**Source records:**
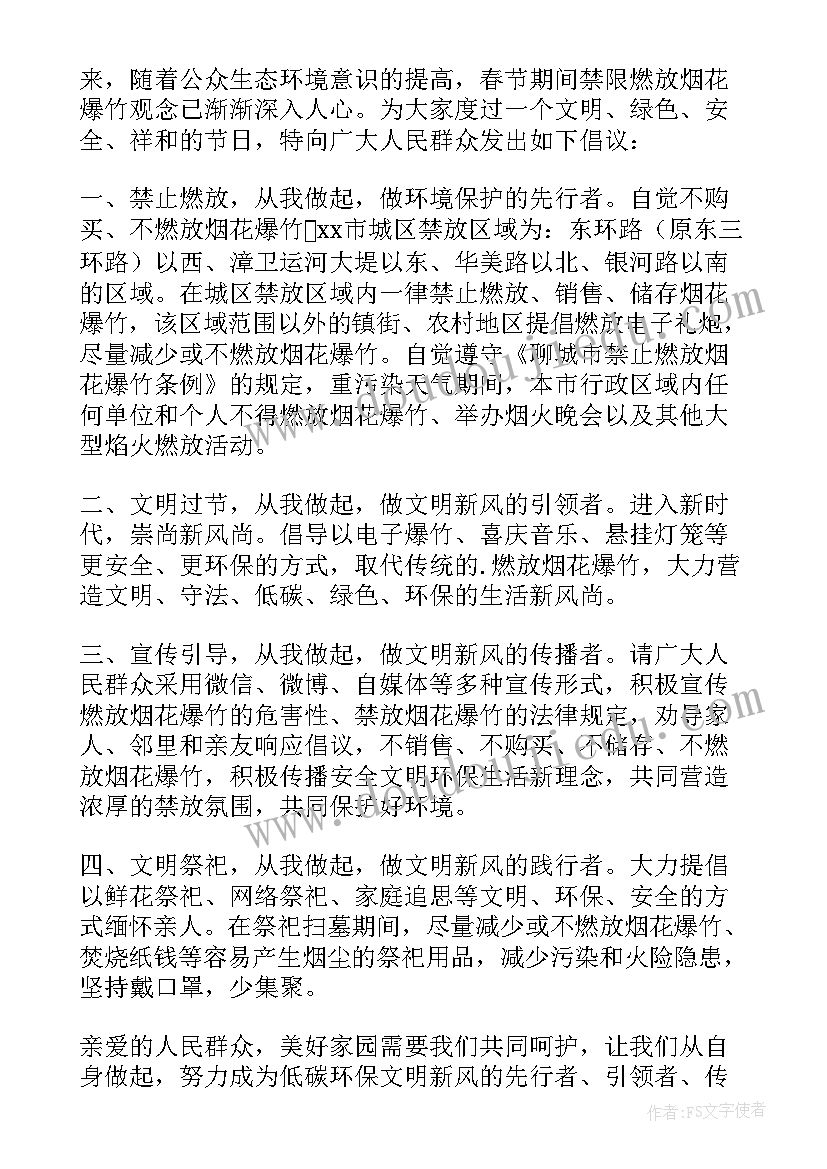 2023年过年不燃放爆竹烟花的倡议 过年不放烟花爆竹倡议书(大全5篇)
--
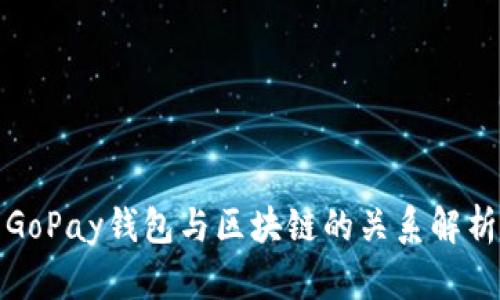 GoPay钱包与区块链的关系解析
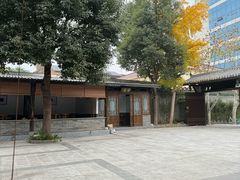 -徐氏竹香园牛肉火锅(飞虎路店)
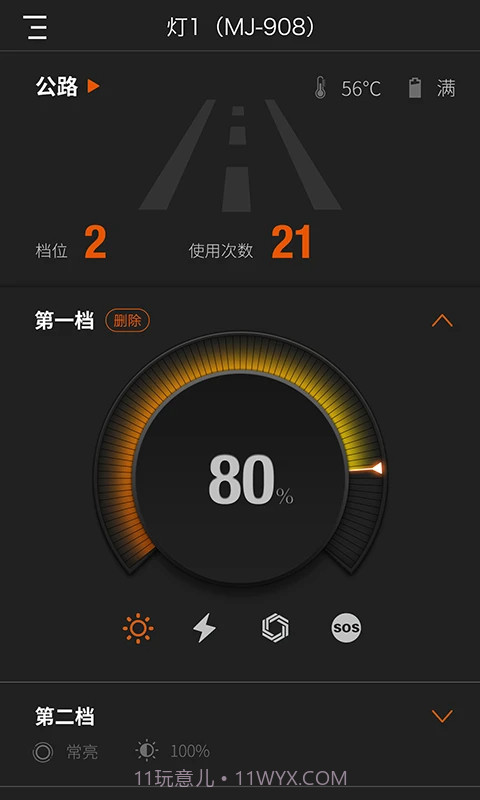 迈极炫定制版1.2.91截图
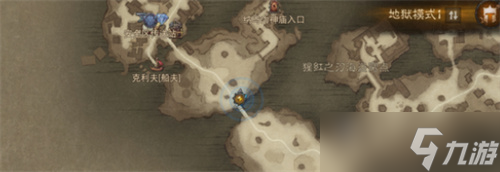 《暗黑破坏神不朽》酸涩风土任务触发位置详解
==
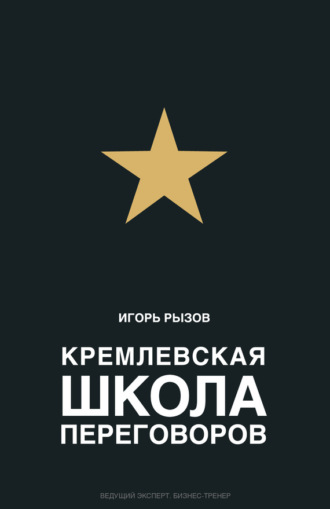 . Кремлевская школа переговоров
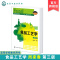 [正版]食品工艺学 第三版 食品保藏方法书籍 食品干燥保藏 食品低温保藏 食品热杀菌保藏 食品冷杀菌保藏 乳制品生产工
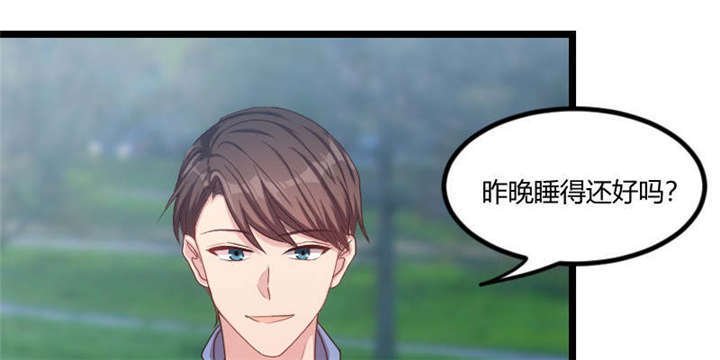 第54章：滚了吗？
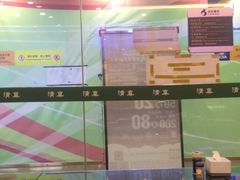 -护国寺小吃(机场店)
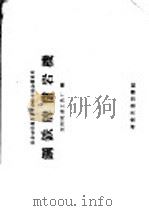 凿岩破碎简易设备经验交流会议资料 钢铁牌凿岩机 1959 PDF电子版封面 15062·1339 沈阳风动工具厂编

**Assignment:** In the material above, which lines fall between the one holding "[正版]食品工艺学 第三版 食品保藏方法书籍" and the one holding "凿岩破碎简易设备经验交流会议资料 钢铁牌凿岩机 1959", inclusive? Print exactly those, with the pictures left out.

**Solution to this task:**
 [正版]食品工艺学 第三版 食品保藏方法书籍 食品干燥保藏 食品低温保藏 食品热杀菌保藏 食品冷杀菌保藏 乳制品生产工
 第54章：滚了吗？
 -护国寺小吃(机场店)
 凿岩破碎简易设备经验交流会议资料 钢铁牌凿岩机 1959 PDF电子版封面 15062·1339 沈阳风动工具厂编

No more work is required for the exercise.